Minister of Reconstruction
- In office 4 October 2021 – August 10, 2022
- Prime Minister: Fumio Kishida
- Preceded by: Katsuei Hirasawa
- Succeeded by: Kenya Akiba

Member of the House of Representatives
- Incumbent
- Assumed office 19 December 2012
- Preceded by: Chobin Zukeran
- Constituency: Okinawa 4th (2012–2014) Kyushu PR (2014–2017) Okinawa 4th (2017–present)
- In office 10 November 2003 – 21 July 2009
- Preceded by: Constituency established
- Succeeded by: Chobin Zukeran
- Constituency: Okinawa 4th

Member of the Okinawa Prefectural Assembly
- In office 1988–2003
- Constituency: Naha City

Personal details
- Born: 7 August 1954 (age 71) Chinen, Okinawa, Japan
- Party: Liberal Democratic
- Parent: Junji Nishime (father);
- Alma mater: Sophia University

= Kosaburo Nishime =

Japanese politician

Kosaburo Nishime (西銘 恒三郎, Nishime Kōsaburō), is a Japanese politician who has served in the House of Representatives representing Okinawa since 2012. He is a member of the Liberal Democratic Party.

== Early life ==
Nishime is a native of Chinen, Okinawa, and graduated from Sophia University.

== Political career ==
Nishime was elected to the Okinawa Prefectural Assembly for the first time in 1988 and to the Diet for the first time in 2003.

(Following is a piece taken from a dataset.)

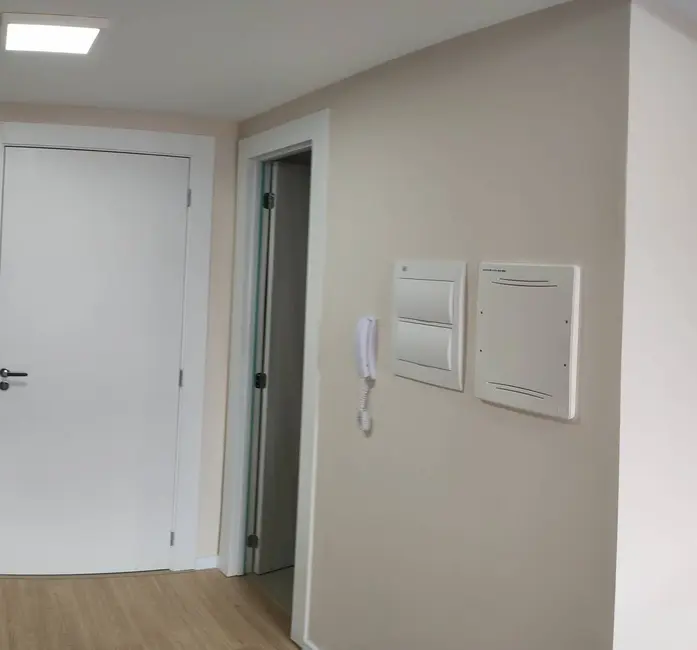 Foto 2 de Apartamento com 1 quarto à venda, 17m2 em Capão Raso, Curitiba - PR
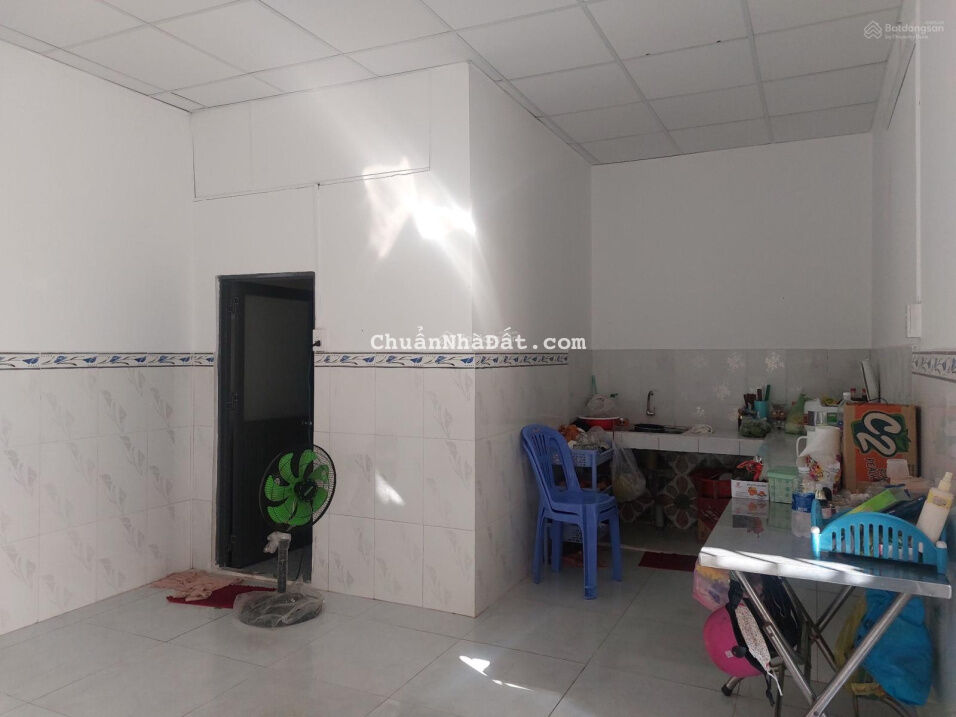 Bán nhà mặt tiền ngõ đường 6m Quận 9 gần Ngay Ngã tư Thủ Đức Lê Văn Việt dt 6x21m chỉ 8tỷ2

He has represented Okinawa since 2012, holding the Okinawa 4th district, except for the period from 2014-2017 when he was a Kyushu Proportional Representation member.

Nishime served as Minister of Reconstruction from October 2021 to August 2022.

== Family ==
His father is Junji Nishime, former Governor of Okinawa Prefecture, and his brother is Junshiro Nishime, a former member of the House of Councilors in the Diet.